The mephits talked to each other in their own language, almost as if they were deciding on the proper response. “Wiiinds!” one shouted. “We get blown back through.”

“You refused to cooperate with Glaze?” asked Lidda.

“And he killllled some of us.”

“We took refuge in the towers…”

“… where Glaaaaze cannot reach us.”

It was unsettling the way the mephits began and ended one another’s statements, sometimes switching speakers two or three times per sentence.

“He is young but smart, for one of they, one whiiiite,” other mephits said. “He did not want to fight giants. So he left.”

“He wanted to find new place, place free of giants.”

“He traveled from snow-capped mountain…”

“… to snow-capped mountain. For a while…”

“… he finds peace, but older, more…”

“… aggrrrressive whites live…”

“… there already and force him…”

“… out.”

“But he heard about Ilyskynar… Frozen Pendant. He heard it here, in lost city in forest near mountains…”

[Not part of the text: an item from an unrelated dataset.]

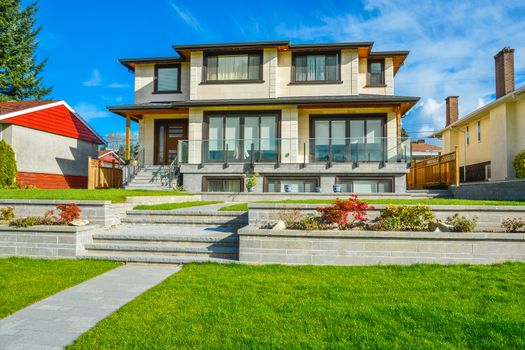 New luxury residential house with land terraces over front yard. Single family house on blue sky background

“… he went seeking. Many yeeears he search forests. Find nothing.”

“Then he finds this city, in this forrrrrest. He searched city…”

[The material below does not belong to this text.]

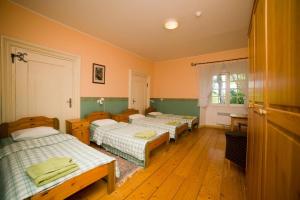 three beds in a room with wooden floors at Sagadi Manor Hostel in Sagadi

“… breakedthrough to this underground. Open…”

“… doors to towers, searched towers. Maked lair…”

“… in one tower, broken…”

“… open at top.”

The mephit extended a wing to one of the cylinders in the distance, indicating the bottom of one of the great towers. A tremendous pile of broken wood was heaped against the door and welded together with ice, meant to keep the dragon out. Sonja assumed this was the work of the mephits’ icy breath—not as strong as that of a white dragon or a winter wolf but still potent.

“And then,” a new mephit took the dialogue, “heeee found a stairway…”

“… down, down, down.”

“He follow. Into hot place. Hot…”

“… place under towers.”

“Magically heated,” reasoned Hennet. “Too hot for you to go there yourselves?”

The ice mephits shuddered at the thought. “Boil, sizzle, boil!”

“You mean,” said Sonja, “that Glaze found the Frozen Pendant somewhere beneath this underground mall. When he activated it, the rift opened, and you were blown through along with the elemental ice.”

The mephits nodded together.

“Earlier,” said Lidda, “we encountered a creature that looked like a giant scorpion, only it was made of ice. How did it get here?”